* [TASK BRIEF] Could you print exactly the lines of the listing below, starting at the line that has "Lalita-Realistic asian girl 3D Model" and ending at the line that has "verstellbaren Armlehnen Inovationi", and only those lines?

* [EXTRACTED DATA]
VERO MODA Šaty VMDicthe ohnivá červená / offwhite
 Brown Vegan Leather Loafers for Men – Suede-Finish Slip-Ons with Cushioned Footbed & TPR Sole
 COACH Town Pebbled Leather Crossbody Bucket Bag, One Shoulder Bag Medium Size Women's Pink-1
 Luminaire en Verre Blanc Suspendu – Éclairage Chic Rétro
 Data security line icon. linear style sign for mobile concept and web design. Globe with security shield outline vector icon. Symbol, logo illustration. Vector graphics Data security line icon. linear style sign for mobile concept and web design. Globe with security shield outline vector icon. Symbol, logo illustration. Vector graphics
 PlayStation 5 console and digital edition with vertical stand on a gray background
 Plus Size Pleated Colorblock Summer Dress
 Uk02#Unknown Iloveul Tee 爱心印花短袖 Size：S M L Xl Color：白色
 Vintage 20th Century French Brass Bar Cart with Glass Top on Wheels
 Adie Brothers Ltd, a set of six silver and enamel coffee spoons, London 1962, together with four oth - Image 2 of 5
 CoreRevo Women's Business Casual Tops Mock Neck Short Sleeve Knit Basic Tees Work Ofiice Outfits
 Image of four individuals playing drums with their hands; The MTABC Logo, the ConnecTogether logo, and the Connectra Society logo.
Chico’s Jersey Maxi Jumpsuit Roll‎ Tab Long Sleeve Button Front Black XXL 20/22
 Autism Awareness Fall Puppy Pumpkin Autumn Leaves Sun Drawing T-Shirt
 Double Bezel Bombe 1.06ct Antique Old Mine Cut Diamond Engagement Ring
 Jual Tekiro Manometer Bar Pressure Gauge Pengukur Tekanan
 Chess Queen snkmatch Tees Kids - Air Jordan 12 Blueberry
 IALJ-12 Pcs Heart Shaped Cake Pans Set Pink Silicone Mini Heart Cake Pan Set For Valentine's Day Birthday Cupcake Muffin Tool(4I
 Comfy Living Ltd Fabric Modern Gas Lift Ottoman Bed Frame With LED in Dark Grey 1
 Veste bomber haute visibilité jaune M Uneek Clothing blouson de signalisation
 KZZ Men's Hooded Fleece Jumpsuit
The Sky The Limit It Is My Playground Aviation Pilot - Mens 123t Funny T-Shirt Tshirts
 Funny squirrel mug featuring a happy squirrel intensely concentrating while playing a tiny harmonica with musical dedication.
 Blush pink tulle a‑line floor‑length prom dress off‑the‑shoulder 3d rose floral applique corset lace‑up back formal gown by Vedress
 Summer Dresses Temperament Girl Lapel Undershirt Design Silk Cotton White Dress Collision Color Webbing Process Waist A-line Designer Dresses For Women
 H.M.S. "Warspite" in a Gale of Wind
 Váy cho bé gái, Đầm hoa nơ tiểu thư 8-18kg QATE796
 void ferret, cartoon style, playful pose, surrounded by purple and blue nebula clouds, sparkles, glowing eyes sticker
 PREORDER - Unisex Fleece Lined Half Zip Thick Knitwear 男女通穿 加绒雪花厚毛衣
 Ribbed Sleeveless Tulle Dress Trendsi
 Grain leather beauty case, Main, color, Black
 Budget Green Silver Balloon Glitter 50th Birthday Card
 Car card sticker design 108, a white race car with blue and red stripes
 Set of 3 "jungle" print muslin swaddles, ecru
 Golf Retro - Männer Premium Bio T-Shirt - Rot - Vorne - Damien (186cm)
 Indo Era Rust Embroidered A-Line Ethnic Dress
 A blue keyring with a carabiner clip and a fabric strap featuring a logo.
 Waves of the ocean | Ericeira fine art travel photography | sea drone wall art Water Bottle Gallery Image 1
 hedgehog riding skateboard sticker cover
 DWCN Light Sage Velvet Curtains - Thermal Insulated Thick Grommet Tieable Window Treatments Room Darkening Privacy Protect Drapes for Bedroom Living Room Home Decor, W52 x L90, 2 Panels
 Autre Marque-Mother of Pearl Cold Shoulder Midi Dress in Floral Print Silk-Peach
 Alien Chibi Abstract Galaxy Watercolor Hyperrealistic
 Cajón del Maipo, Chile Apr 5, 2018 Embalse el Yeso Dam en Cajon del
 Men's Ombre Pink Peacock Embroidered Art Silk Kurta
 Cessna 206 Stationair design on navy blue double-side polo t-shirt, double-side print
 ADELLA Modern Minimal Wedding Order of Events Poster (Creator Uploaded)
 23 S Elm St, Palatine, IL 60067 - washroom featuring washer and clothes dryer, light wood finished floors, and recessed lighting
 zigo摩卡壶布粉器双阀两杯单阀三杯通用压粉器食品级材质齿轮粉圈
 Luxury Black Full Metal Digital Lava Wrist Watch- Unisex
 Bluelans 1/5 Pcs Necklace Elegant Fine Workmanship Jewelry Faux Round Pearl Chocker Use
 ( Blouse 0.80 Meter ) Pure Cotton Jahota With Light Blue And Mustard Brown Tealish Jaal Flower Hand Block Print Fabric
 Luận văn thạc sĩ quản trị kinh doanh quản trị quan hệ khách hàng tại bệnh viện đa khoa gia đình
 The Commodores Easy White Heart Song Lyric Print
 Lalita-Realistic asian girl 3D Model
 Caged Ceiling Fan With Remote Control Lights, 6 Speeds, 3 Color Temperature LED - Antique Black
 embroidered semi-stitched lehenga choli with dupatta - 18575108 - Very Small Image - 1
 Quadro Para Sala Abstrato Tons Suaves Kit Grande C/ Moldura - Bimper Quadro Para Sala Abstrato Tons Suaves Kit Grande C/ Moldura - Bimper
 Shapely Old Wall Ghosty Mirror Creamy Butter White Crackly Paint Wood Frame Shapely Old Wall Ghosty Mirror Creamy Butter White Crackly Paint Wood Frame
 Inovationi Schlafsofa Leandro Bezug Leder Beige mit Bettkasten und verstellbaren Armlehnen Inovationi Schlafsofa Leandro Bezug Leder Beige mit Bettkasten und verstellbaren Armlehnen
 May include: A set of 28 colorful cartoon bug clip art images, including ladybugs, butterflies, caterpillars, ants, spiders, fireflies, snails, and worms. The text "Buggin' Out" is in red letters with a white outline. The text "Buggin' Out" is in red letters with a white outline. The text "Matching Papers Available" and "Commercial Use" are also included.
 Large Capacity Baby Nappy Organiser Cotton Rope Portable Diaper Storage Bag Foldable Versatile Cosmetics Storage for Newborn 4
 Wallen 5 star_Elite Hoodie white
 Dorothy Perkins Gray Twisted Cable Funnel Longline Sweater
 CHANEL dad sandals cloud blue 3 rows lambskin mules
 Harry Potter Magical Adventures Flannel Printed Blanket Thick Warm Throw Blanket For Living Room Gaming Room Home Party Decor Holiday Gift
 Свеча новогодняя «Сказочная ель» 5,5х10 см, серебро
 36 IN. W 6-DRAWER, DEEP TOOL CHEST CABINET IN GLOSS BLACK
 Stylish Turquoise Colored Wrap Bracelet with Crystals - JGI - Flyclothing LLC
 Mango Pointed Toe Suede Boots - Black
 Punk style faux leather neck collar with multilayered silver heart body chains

* [SOLUTION TO THIS EXERCISE]
 Lalita-Realistic asian girl 3D Model
 Caged Ceiling Fan With Remote Control Lights, 6 Speeds, 3 Color Temperature LED - Antique Black
 embroidered semi-stitched lehenga choli with dupatta - 18575108 - Very Small Image - 1
 Quadro Para Sala Abstrato Tons Suaves Kit Grande C/ Moldura - Bimper Quadro Para Sala Abstrato Tons Suaves Kit Grande C/ Moldura - Bimper
 Shapely Old Wall Ghosty Mirror Creamy Butter White Crackly Paint Wood Frame Shapely Old Wall Ghosty Mirror Creamy Butter White Crackly Paint Wood Frame
 Inovationi Schlafsofa Leandro Bezug Leder Beige mit Bettkasten und verstellbaren Armlehnen Inovationi Schlafsofa Leandro Bezug Leder Beige mit Bettkasten und verstellbaren Armlehnen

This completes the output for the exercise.